PROBLEM TO WORK ON: Where a line in the listing below contains the word "from", copy that line.

RECORDS PROVIDED:

=== Begin Enclosure ===

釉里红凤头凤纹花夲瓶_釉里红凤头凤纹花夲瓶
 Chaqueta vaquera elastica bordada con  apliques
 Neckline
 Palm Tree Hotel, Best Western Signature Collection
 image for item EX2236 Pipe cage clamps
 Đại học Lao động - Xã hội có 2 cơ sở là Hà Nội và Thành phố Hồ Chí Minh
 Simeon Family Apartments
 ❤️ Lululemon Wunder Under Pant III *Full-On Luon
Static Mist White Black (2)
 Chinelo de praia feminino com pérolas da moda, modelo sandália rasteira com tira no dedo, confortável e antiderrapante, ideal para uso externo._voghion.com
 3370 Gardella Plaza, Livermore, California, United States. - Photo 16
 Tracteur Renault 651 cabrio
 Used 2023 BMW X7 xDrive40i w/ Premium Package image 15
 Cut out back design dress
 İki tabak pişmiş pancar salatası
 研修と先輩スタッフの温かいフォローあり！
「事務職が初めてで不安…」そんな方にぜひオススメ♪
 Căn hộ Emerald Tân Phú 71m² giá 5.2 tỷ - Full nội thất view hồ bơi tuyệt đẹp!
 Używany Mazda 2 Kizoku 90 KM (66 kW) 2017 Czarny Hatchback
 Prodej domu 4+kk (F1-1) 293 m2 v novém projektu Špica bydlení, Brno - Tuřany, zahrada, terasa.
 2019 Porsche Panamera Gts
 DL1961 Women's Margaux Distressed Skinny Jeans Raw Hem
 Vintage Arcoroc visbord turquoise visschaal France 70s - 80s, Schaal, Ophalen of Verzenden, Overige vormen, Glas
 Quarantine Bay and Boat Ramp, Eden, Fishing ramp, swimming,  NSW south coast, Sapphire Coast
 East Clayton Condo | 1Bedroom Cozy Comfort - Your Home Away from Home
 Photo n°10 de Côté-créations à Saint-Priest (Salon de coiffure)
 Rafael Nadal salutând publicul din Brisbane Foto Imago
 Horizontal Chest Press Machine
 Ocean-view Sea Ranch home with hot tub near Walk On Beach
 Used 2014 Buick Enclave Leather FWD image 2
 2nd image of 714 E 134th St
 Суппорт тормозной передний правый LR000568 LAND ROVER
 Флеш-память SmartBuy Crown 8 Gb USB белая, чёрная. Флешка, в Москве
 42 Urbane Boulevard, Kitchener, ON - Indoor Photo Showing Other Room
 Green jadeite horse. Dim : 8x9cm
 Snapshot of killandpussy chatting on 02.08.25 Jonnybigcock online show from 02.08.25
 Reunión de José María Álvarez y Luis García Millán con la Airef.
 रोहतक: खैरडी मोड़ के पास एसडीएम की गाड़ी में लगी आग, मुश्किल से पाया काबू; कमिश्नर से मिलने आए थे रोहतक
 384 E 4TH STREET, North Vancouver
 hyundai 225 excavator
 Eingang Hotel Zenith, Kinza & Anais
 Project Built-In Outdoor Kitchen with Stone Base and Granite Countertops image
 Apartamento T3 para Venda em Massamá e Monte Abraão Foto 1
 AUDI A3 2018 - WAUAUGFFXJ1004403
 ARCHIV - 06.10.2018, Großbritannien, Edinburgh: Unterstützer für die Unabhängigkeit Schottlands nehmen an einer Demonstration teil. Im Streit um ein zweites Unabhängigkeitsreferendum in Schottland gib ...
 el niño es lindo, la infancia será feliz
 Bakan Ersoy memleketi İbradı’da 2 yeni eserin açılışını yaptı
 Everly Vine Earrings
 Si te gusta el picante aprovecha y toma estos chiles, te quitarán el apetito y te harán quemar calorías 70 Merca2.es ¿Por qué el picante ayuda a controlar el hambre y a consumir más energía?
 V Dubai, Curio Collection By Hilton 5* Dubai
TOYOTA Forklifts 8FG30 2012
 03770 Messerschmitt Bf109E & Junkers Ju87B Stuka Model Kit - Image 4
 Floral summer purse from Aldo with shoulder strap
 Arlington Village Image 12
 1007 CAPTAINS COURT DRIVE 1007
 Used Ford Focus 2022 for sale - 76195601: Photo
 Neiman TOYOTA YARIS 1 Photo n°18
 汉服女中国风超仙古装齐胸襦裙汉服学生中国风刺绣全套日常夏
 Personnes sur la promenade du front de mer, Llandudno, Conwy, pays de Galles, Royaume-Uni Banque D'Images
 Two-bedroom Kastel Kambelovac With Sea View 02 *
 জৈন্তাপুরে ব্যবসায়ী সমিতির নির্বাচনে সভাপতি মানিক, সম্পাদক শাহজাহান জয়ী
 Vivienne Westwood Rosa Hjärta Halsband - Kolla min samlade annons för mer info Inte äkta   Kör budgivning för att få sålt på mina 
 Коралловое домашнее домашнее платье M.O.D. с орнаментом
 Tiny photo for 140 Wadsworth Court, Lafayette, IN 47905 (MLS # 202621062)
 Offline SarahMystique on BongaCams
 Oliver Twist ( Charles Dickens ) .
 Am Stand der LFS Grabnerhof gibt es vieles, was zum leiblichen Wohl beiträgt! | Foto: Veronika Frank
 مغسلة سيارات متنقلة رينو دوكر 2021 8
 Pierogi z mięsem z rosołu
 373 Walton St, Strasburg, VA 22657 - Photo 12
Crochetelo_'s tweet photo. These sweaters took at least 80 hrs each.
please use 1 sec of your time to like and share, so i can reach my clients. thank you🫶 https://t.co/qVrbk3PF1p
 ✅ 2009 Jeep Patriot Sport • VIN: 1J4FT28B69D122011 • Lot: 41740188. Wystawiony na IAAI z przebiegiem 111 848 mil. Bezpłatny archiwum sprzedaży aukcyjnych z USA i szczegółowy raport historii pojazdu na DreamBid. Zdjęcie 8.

=== End Enclosure ===

ANSWER SECTION:
 East Clayton Condo | 1Bedroom Cozy Comfort - Your Home Away from Home
 Snapshot of killandpussy chatting on 02.08.25 Jonnybigcock online show from 02.08.25
 Floral summer purse from Aldo with shoulder strap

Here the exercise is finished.